Just thought I'd add that I just came up with another idea (it supplements the cookie/session idea I noted in a comment above). If I include the IP address in the encrypted value, that would make it tied to that computer fairly uniquely, although not perfectly uniquely (because multiple computers behind a router can have the same IP address, so the person could IM the link to their coworker for example and the server might mix the two computers up). One way to mitigate that risk is to add the current date/time to the value. On each postback, the new date/time would be used (perhaps performing a redirect). If the date/time in the value is older than, say, 20 minutes, the server would consider it a bad request (so it would be similar to an expired session). To sum things up so far, the encrypted value would contain this information:
  • A GUID.
  • The user's IP address.
  • The current date/time (of each web request).

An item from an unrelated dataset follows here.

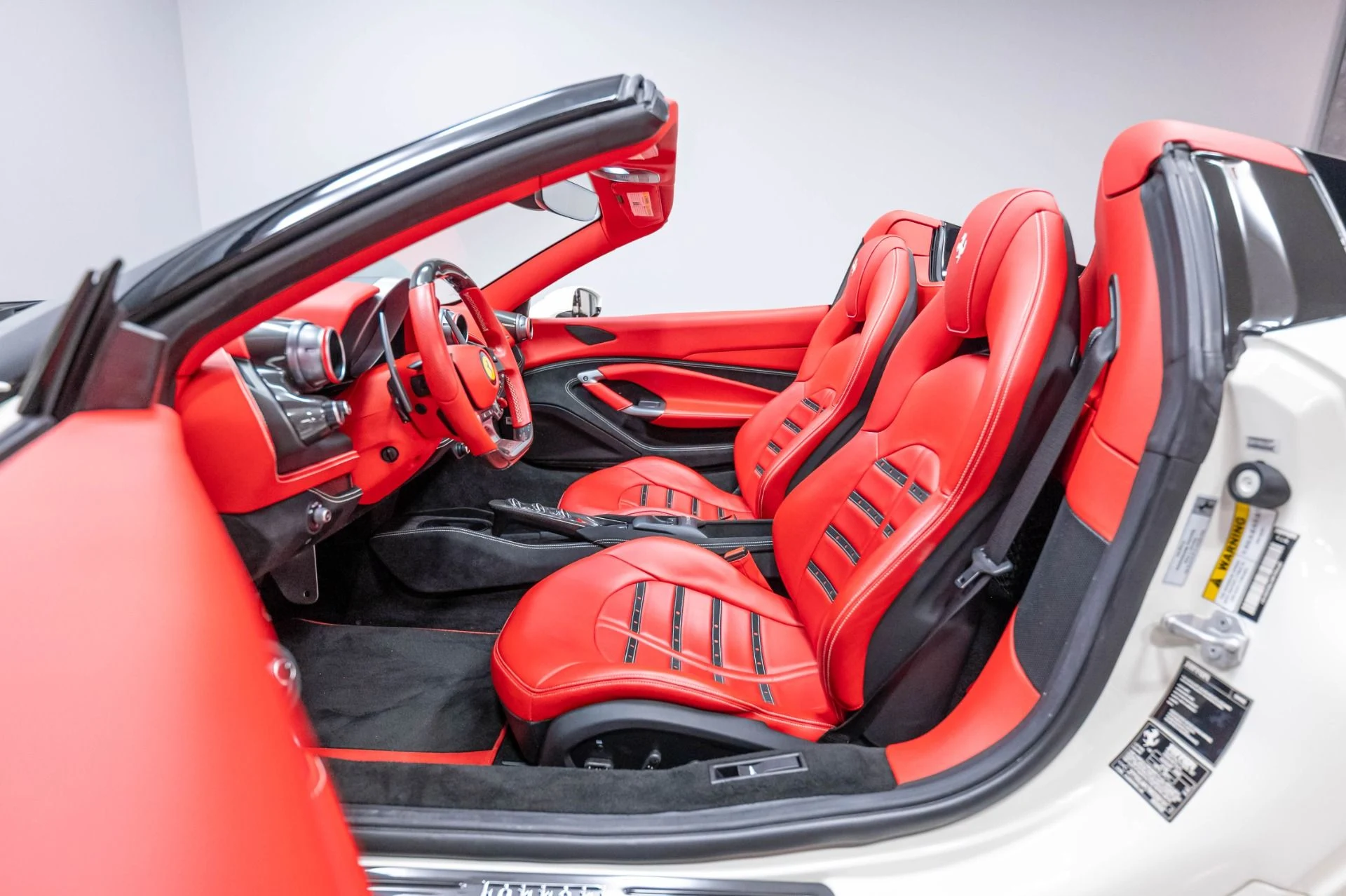 mph009_553538036_Used_2021_Ferrari_F8_Spider_Base_1786140395_5f39ebe350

Maybe I could even add other unique information about the computer, such as the browser version. The more unique information, the less likely the URL can be used on another user's computer.
 
Oh, and one more idea. If I use AJAX, I can make the expiration duration even more frequent (say, every 10 seconds), because I can make asyncronous server requests periodically without interrupting the user with a full postback. The posback URL can then be modified to use the most frequent encrypted value (which would be stored in a JavaScript variable). This would make the solution even more secure (though less stable, as a temporary interruption of network availability would cause the user to have to start over).